В вокзальной толчее Герцог, как ни старался сделать нужное, сосредоточиться не мог. Мысли развеивались в подземном гуле поездов, голосов и шагов, в переходах, освещенных бульонными блестками, в удушающем смраде подвального Нью-Йорка. У него вымок воротник и взмокло под мышками, пока он брал билет, еще он купил «Тайме», и чуть не разорился на плитку шоколада «Кадбериз», однако удержался, вспомнив траты на обновленный гардероб, в который можно и не влезть, переборщив с углеводами. Враги будут праздновать победу, если он нагуляет жирок, отпустит второй подбородок, обрюзгнет, раздастся в бедрах, вывалит живот и обзаведется одышкой. И Районе это не понравится, а с ее вкусами надо очень и очень считаться.

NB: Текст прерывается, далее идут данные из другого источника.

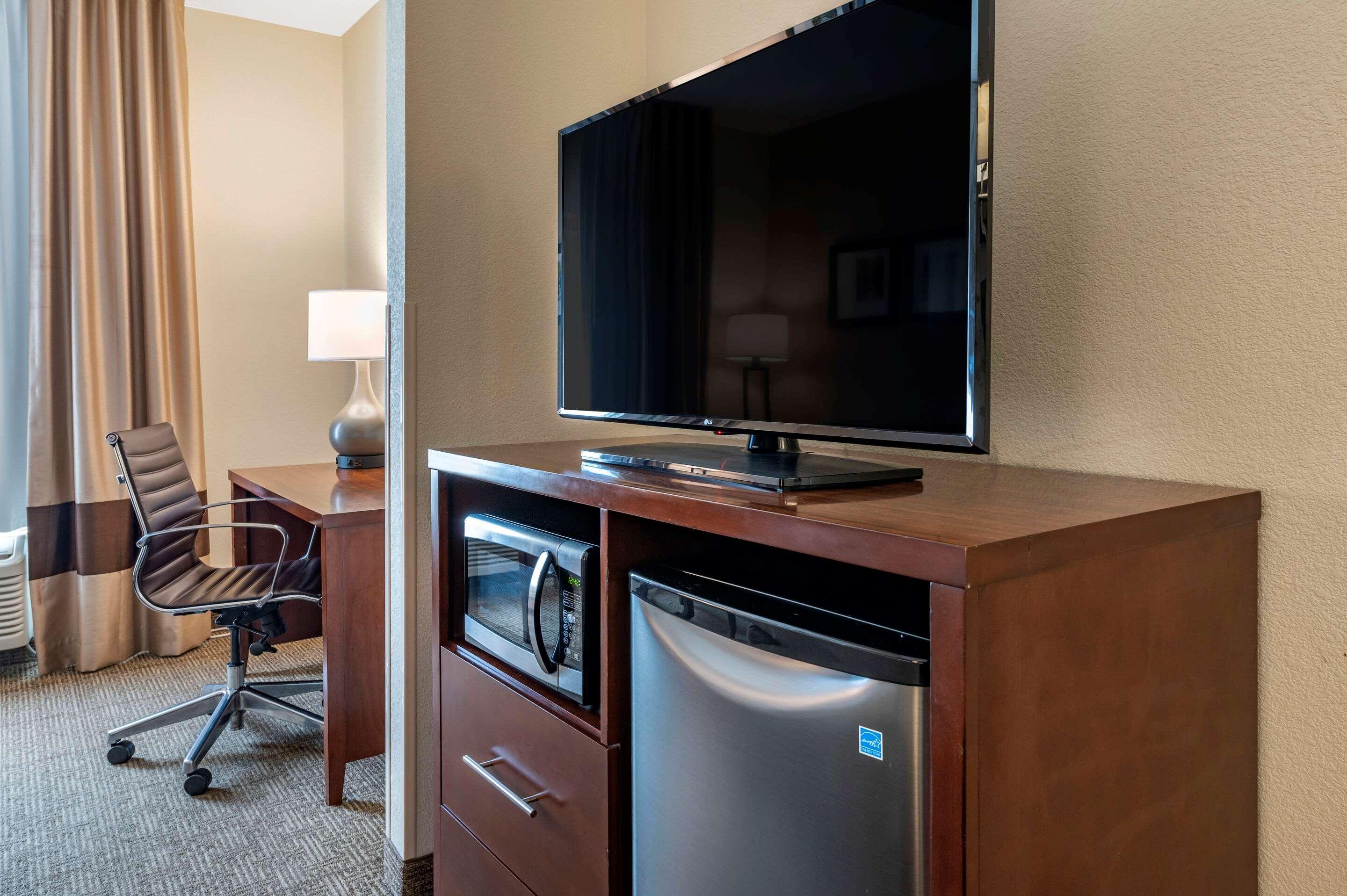 Comfort Suites Columbus West - Hilliard Exteriér fotografie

Он всерьез подумывал жениться на ней — при том, что в эту самую минуту покупал билет, сбегая от нее. Вообще говоря, для нее только лучше, что он в разброде, зряч и слеп одновременно, издерган, сломлен, озлоблен, капризен — ненадежен. Он хотел позвонить ей в магазин, но на сдачу дали только пятицентовик, монетки в десять центов у него не было. Можно разбить бумажку, но леденцы или резинка ему не нужны задаром. Он подумал о телеграфе, но не стал выказывать слабость — давать телеграмму.